急性期脳梗塞に対する蛋白リン酸化酵素阻害剤:塩酸ファスジル(エリル)の効果

二重盲検試験の結果

抄録

Fasudil (hexahydro-1-(5-isoquinolinesulfonyl)-1H-1, 4-diazepine hydrochloride or AT877, HA1077, Eril) is a unique vasodilating and brain protecting drug. It has been used in Japan since 1995 in patients with aneurysmal subarachnoid hemorrhage (SAH) to prevent vasospasm. It showed more brain protective effect than vasodilating effect itself, which suggested its efficacy in the treatment of cerebral infarction. A recent double blind trial of fasudil (60mg, iv/60 min, bid for 14 days) on patients with acute cerebral infarction showed that it significantly improved both motor dysfunction (p=0.0013) on day 14 and ADL (P=0.0015) on 30 days.
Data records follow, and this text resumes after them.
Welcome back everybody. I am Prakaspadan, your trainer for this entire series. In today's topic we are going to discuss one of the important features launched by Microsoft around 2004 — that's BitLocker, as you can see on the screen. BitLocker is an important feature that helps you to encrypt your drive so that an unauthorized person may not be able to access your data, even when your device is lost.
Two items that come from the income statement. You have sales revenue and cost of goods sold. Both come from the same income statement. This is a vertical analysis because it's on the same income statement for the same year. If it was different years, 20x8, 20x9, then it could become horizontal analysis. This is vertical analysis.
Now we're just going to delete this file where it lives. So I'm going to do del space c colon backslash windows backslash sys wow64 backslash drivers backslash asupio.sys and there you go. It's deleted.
In experimental animal models of stroke, fasudil prevented decrease in number of hippocampal CA1 neurons, migration of white blood cells (WBCs) to the infarction area, inhibited free radical production by WBCs and normalized increased blood viscosity.
Mechanism of action of fasudil has gradually been elucidated, now inhibition of protein kinases, especially rho kinase (Ki=0.3 uM), and protein kinase C (Ki=3uM) are considered to be important. In both cerebral vasospasm and infarction, upregulation of Rho kinase is considered to be important in the pathogenesis of brain damage. Rho kinase inhibits myosin phosphatase, leading to increased phosphorylation of myosin light chain. Rho kinase also inhibits NO synthase in the vascular endothelium. Upregulated Rho and C kinases are considered to be involved in migration of WBCs, production of free radicals by NADPH oxidase in WBCs and decreased NO synthesis in the endothelium. Thus, inhibition of these protein kinases by fasudil can explain its clinical effects.
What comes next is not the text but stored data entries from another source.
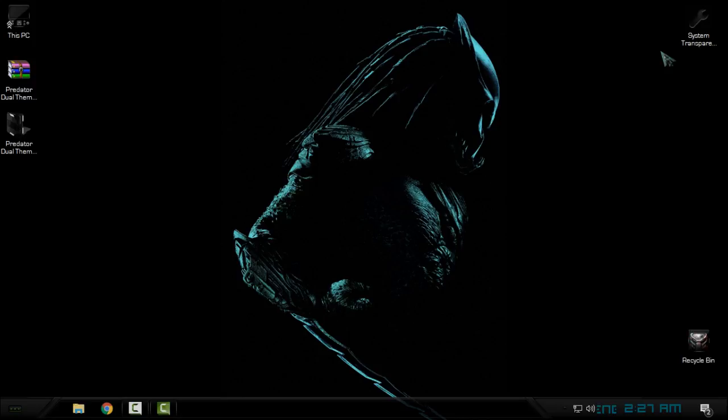That's it for today - that was the Windows 10 Predator Dual theme. This is basically two themes in one. Thank you for watching, see you next time, bye!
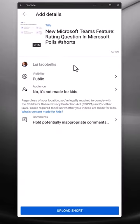Next, you want to give your short a title and then you want to go ahead and click upload short.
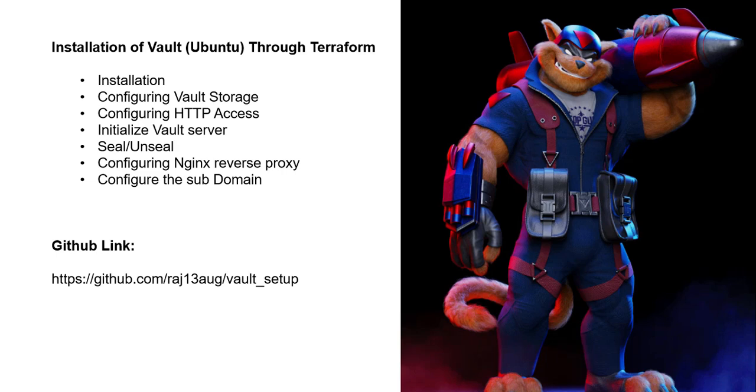Next is configuring the subdomain. A subdomain is a DNS record for the hostname that belongs to your domain. In my case, I'm creating vault.robofarming.link.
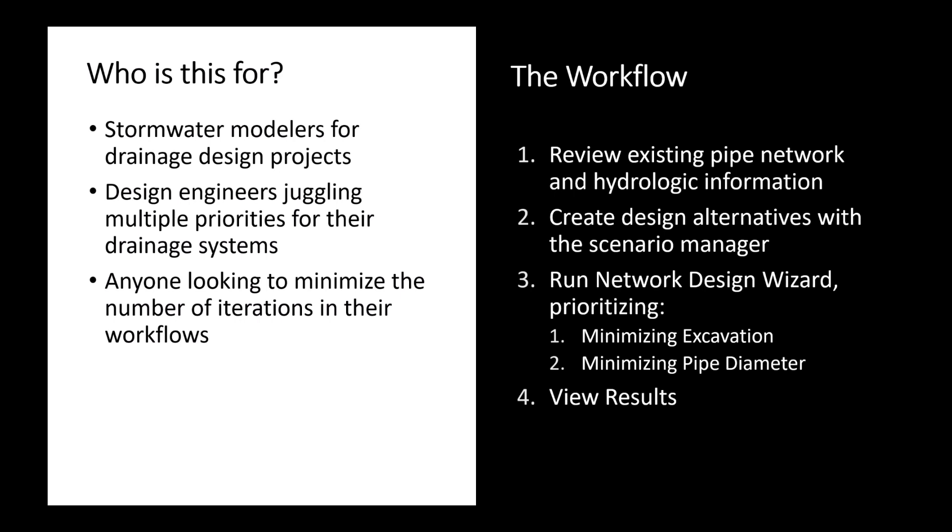Different projects might have different needs, each site is kind of unique in terms of what sort of budgetary or time constraints you might have. Being able to really hone in and customize the different criteria that you would like in your drainage system gives you flexibility in these designs and ultimately enables you to make the best decision for your drainage design project.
Hydroxylated metabolite of fasudil (M3) similarly inhibits both Rho and C kinases with longer biological half-life of about 5 hours compared with that of fasudil (45 min) after intravenous infusion. Effectiveness of fasudil by intermittent infusion (two or three times a day) may, at least partly, depend on its hydroxylated metabolite.